Back to the hard news of the day. Minks and I ate Cherry Garcia and watched the Paris Hilton interview on Larry King. I am the biggest gullible fool in the world and thought she sounded marvellously together and sane. But I suppose we've never really heard her speak before so any words strung loosely together in such a way to resemble a sentence appears impressive. Poor thing couldn't remember her favorite quote from the Bible when asked. I wracked my brain a bit there too, remembering that the Lord's prayers isn't in the Bible. Psalm 23, I thought, that's what I'd choose, or that bit about ants (a feeble folk) but I can't remember which book it's from or how it goes, just that I like it. Anderson Cooper had no time for her and echoed really what I've always moaned about "why would someone with such position and power not use it to make positive change in the world." Dear Jess Cagle, who really is such a lovely, huggable man, seemed besotted. He told the world that Paris was "sweet" and "sincere." My old pal Ken Sunshine was less positive pointing out that if she wants to keep her mystique she really shouldn't do hour long interviews where her lack of intellect is so sharply defined. I don't know. I'm so shallow. I just kept wondering why she was wearing so much ugly orange lipgloss. One thing is clear: Michael Sitrick has made an impression. If there is one argument for a good publicist, it was made by Paris yesterday. She cleaned up her act. I'm not sure I believe a word of it, but most will. Afterall, jail is the surefire fast track to heaven. Wanna find God? Get thyself to the slammer. (It's really sad isn't it that I'm so cynical. At 19 I was an idealist. Really. I believe that man was good. Now, I'm not so sure).

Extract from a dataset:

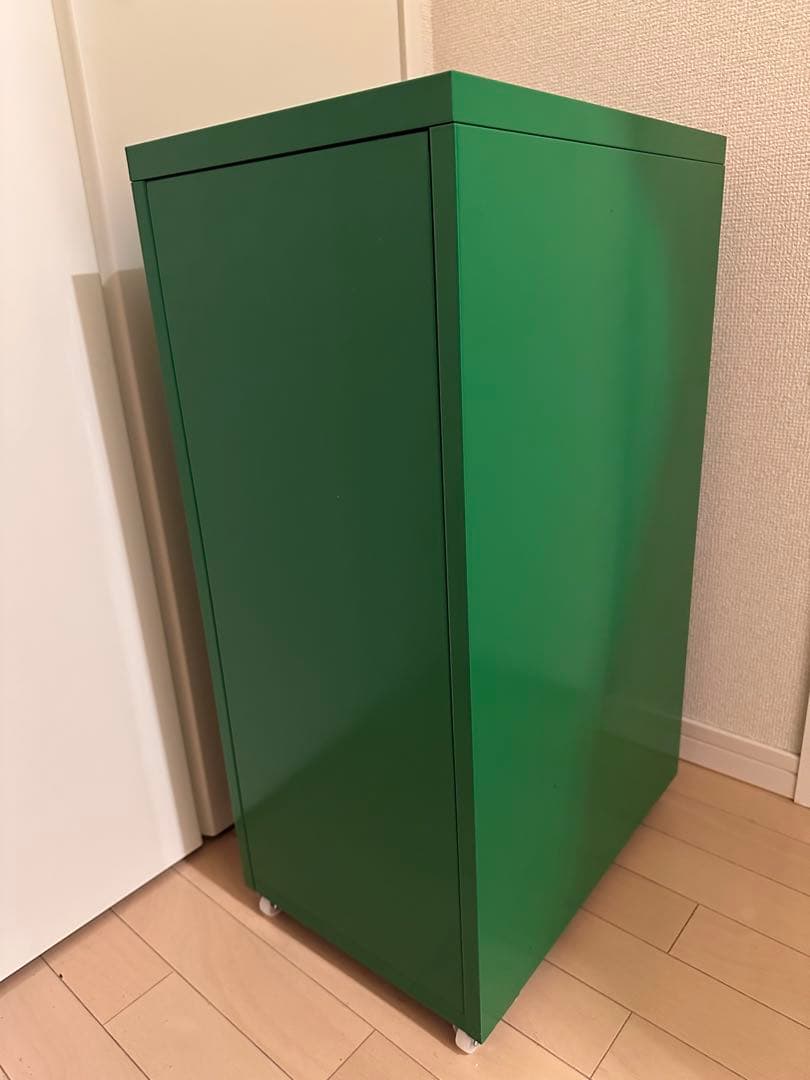 IKEA イケア HELMER ヘルメル 引き出しユニット グリーン 緑 - メルカリ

Figs are in season. I cooked some bread on the grill last night and chopped up figs with basil, olive oil, salt and pepper, to top it. Delicious. Miss Ame came for supper in a pretty blue dress and we discussed our dogs ad nauseum, while eating figs, grilled asparagus and new potatoes with butter. And my old standard -- boneless, skinless chicken thighs baked with lemon and garlic and olive oil (and a little oregano). The figs are really good with chopped mint and mozarella added to the above mixture, by the way. I believe it's an old Jamie Oliver recipe.